Collected data:
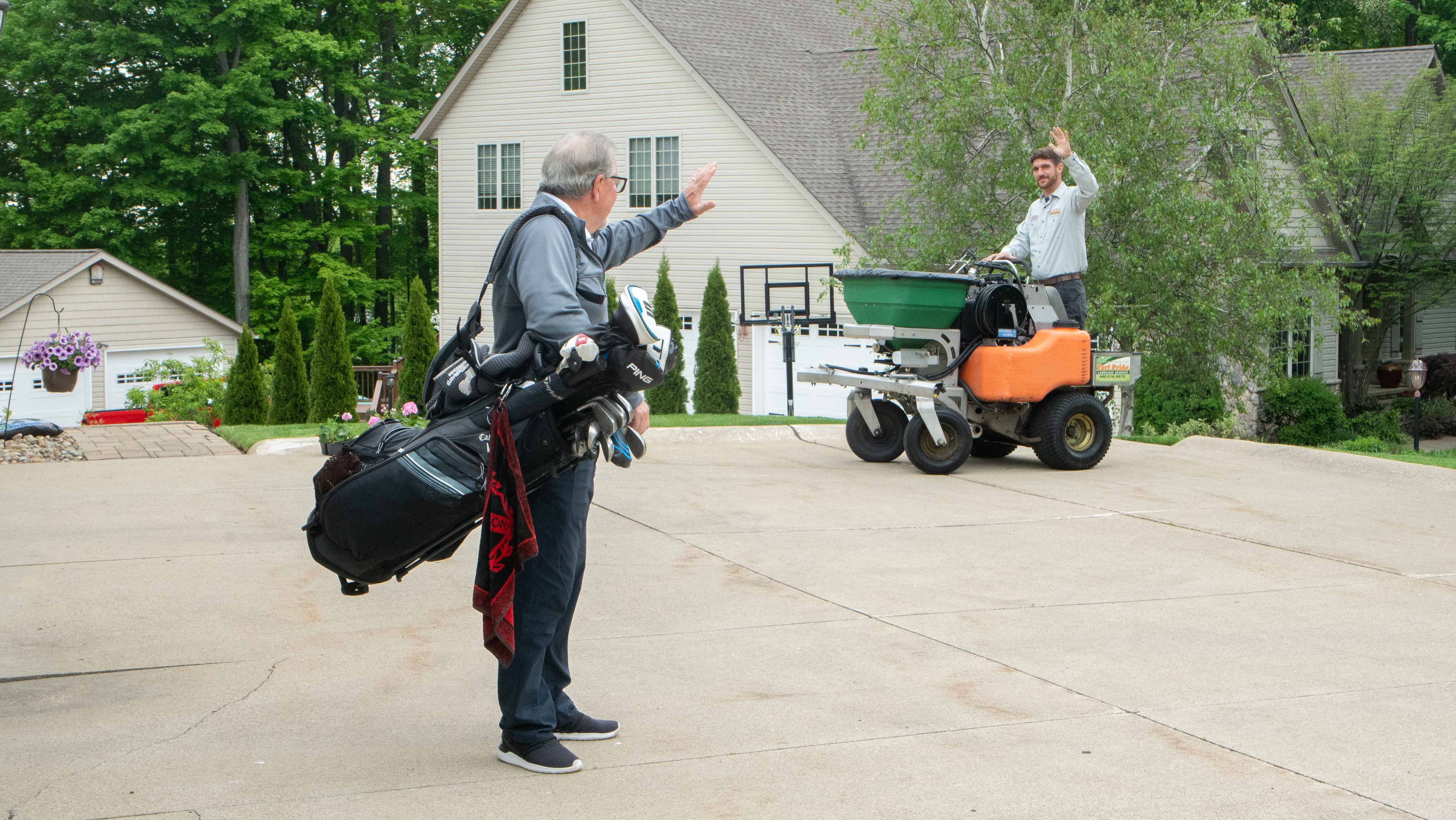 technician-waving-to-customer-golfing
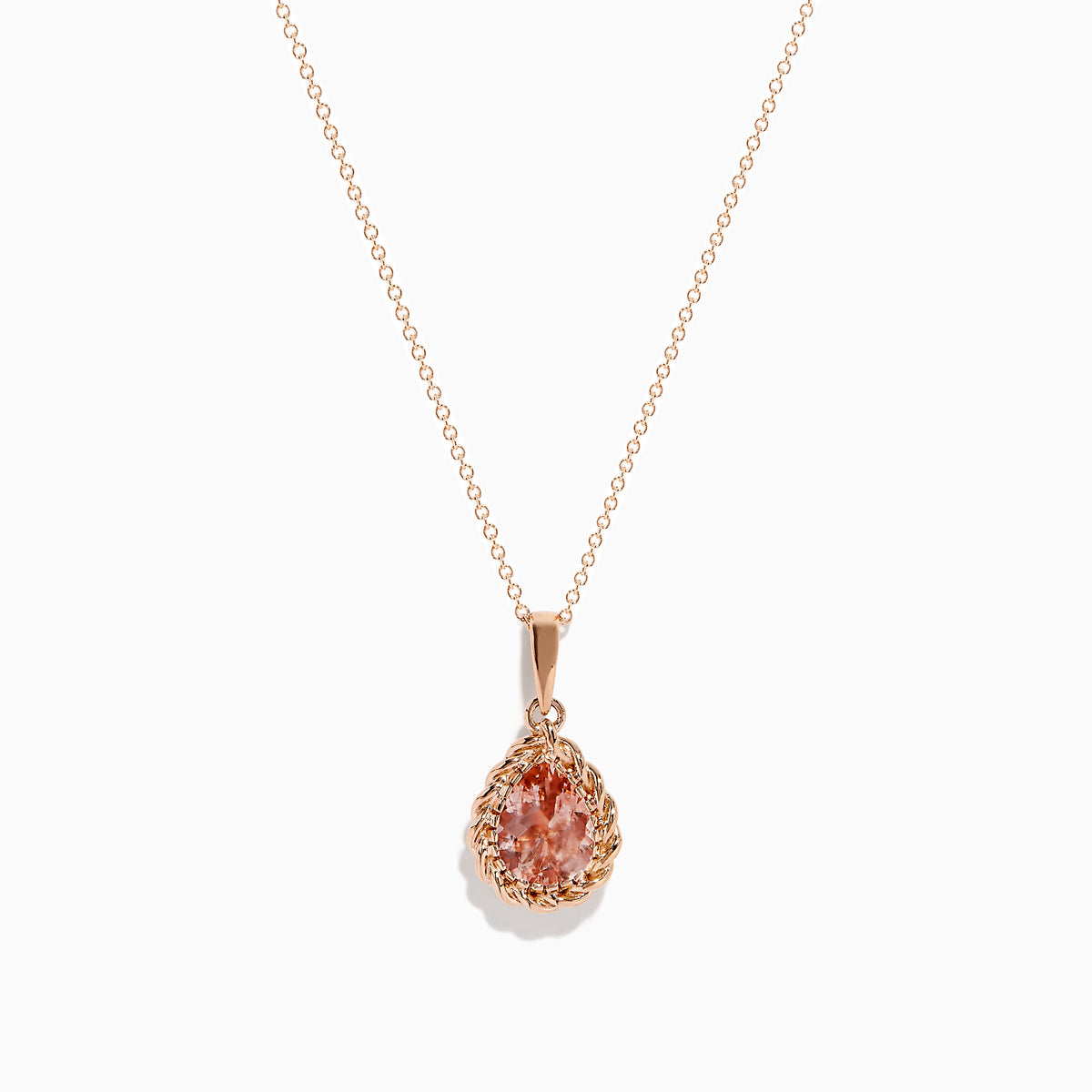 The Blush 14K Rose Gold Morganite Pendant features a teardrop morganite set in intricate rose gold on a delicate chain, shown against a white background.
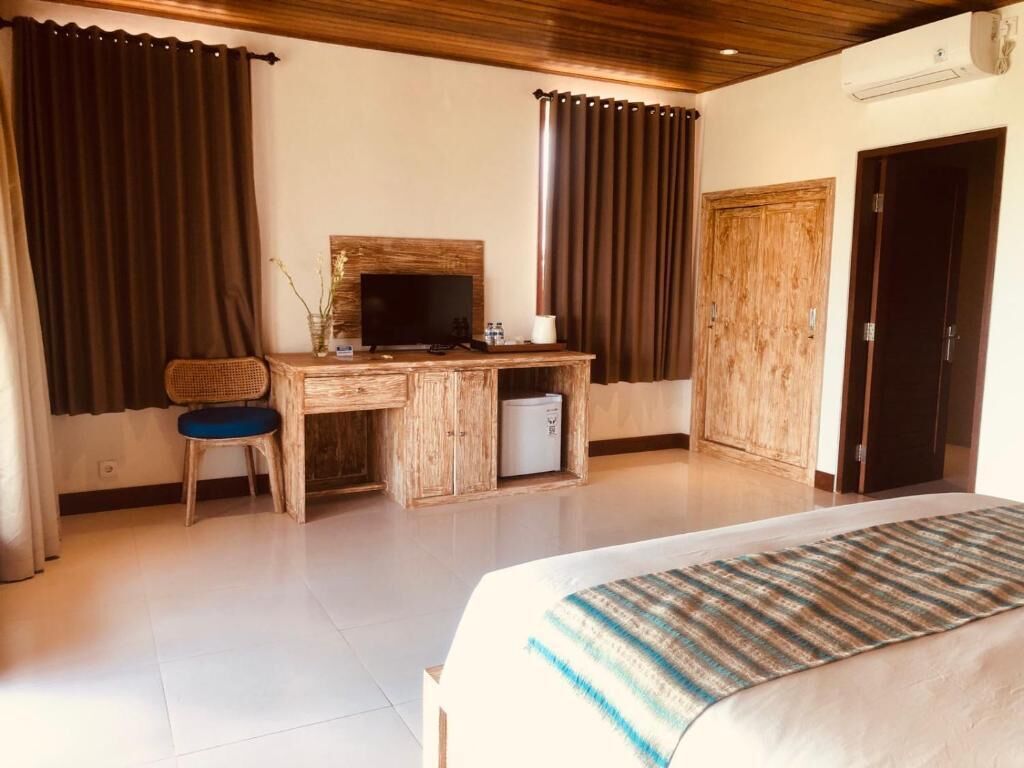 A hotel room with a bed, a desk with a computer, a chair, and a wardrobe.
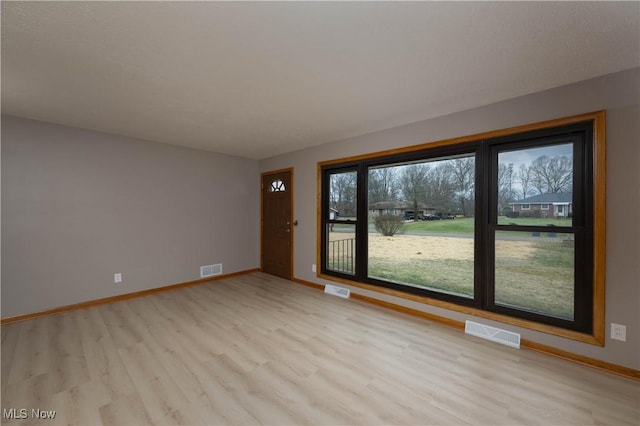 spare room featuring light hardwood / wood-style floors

Exercise directions: Please print the data above once more, exactly and without images.

Solution to this exercise:
 technician-waving-to-customer-golfing
 The Blush 14K Rose Gold Morganite Pendant features a teardrop morganite set in intricate rose gold on a delicate chain, shown against a white background.
 A hotel room with a bed, a desk with a computer, a chair, and a wardrobe.
 spare room featuring light hardwood / wood-style floors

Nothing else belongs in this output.